Así, grosso modo, recuerdo a este grupo de sacerdotes, varios de los cuales llegaron a la dignidad episcopal, otros no. El recuerdo es muy bueno pues el Seminario recién retornado a las manos del clero diocesano ofrecía un ambiente muy interesante, serio, juvenil, pese a que la transición no dejó de tener sus inconvenientes y grafitis. La vida al interior era muy entretenida porque éramos un grupo de por lo menos 150 seminaristas, más de 10 sacerdotes, varias religiosas y empleados y empeladas en abundancia. Una comunidad grande y potente y también casi que nacional pues además de los bogotanos, había gentes de Cundinamarca, Santander, el Cauca, Cali, Leticia y creo que hasta de Panamá, después de haberse separado de Colombia.

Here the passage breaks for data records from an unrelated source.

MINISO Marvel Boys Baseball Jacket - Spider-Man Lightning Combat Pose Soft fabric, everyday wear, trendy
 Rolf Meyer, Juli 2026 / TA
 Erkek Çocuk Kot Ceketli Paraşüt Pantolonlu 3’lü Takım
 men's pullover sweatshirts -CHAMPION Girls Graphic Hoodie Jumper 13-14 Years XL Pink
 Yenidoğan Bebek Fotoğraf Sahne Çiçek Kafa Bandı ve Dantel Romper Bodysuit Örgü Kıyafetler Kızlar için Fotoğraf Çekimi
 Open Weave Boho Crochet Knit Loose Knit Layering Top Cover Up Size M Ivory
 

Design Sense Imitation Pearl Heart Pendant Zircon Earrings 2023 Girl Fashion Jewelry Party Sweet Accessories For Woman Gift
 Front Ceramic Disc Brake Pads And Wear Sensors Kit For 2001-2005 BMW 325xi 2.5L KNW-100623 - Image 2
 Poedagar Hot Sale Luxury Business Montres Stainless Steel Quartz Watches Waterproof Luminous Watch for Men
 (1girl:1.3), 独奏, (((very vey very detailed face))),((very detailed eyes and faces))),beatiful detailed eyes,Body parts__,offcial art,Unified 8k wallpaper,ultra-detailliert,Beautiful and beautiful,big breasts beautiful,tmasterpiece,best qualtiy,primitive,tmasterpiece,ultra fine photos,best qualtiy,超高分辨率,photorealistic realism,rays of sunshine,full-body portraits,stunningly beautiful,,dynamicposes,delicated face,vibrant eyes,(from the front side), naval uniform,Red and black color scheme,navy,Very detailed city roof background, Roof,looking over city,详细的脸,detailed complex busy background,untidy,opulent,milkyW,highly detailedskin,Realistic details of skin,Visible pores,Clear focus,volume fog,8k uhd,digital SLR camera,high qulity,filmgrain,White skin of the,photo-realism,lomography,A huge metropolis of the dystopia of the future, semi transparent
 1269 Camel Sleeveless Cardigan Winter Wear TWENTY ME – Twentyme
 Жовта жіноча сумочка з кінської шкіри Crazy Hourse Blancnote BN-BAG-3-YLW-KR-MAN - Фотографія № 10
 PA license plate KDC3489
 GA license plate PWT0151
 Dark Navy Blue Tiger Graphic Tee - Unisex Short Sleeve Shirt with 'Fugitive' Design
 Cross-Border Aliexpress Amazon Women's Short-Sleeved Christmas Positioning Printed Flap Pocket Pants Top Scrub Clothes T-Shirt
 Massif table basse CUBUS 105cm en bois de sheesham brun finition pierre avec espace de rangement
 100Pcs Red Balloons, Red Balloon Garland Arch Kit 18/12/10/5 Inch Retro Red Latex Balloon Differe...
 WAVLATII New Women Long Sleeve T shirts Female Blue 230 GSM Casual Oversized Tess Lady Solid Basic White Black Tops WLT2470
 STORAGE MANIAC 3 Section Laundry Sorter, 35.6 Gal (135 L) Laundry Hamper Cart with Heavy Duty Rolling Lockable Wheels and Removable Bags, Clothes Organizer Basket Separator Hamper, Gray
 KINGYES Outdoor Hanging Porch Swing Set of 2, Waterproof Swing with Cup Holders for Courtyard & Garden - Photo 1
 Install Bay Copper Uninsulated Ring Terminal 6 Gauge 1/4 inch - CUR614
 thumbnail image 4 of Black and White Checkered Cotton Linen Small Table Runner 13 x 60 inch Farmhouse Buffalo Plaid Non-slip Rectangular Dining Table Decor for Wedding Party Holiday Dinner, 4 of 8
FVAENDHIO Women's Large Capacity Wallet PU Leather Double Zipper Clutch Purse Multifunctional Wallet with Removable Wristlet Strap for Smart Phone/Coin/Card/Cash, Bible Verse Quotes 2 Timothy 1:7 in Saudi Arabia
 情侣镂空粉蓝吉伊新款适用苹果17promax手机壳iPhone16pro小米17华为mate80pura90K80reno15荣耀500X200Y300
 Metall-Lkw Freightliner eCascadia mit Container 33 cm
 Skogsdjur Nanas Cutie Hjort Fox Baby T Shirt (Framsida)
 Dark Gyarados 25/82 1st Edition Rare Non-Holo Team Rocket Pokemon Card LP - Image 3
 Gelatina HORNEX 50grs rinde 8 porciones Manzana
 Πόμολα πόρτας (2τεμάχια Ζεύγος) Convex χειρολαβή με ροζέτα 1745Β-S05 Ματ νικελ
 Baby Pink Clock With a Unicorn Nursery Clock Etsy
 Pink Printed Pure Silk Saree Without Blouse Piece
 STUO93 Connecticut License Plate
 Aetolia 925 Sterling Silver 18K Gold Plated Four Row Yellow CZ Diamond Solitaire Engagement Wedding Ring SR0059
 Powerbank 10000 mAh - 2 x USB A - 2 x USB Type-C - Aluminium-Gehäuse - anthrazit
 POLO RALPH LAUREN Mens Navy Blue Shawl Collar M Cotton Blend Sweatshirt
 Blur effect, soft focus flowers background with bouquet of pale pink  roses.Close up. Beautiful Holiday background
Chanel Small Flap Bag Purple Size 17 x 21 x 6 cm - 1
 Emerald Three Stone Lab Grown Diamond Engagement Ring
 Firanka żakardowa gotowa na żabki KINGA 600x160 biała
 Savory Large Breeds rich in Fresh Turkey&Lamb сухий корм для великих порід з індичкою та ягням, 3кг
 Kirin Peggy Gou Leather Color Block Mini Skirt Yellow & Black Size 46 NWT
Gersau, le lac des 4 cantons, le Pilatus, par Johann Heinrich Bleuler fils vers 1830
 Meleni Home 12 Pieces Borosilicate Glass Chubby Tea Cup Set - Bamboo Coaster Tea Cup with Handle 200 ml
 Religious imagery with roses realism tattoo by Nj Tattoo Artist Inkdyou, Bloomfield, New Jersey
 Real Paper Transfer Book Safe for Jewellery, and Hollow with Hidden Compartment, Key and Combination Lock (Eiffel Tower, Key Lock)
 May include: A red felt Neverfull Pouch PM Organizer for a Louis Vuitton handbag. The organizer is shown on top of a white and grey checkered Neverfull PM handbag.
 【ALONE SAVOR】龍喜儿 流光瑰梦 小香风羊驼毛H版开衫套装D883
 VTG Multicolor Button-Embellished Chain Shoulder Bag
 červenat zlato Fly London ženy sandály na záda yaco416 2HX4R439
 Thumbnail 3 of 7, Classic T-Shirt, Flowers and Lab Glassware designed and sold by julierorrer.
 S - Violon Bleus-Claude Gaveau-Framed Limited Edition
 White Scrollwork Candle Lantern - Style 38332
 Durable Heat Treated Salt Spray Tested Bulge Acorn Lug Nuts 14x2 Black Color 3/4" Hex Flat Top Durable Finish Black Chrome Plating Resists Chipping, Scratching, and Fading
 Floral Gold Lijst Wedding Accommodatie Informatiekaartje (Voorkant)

Me acuerdo, pues, como lo pide la Sagrada Escritura, de mis superiores y me siento agradecido y reconozco que seguir sus pasos fue una buena decisión, como seguramente los sienten muchos sacerdotes de diferentes diócesis del país.
Rafael De Brigard, Pbro.
COMENTARIOS: elcleroreflexiona@gmail.com
Mons. Óscar Urbina dice: ¡Gracias por este histórico recuerdo!
Mons. Pedro Mercado, dice: ¡Gracias por compartirlo! Un abrazo
Lorenzo Botía, dice: Buenos días, gracias por compartir, Dios le pague.
Nelson Torres, dice: ¡Muy bueno!
Mons. Roberto Ospina: ¡Muchas gracias!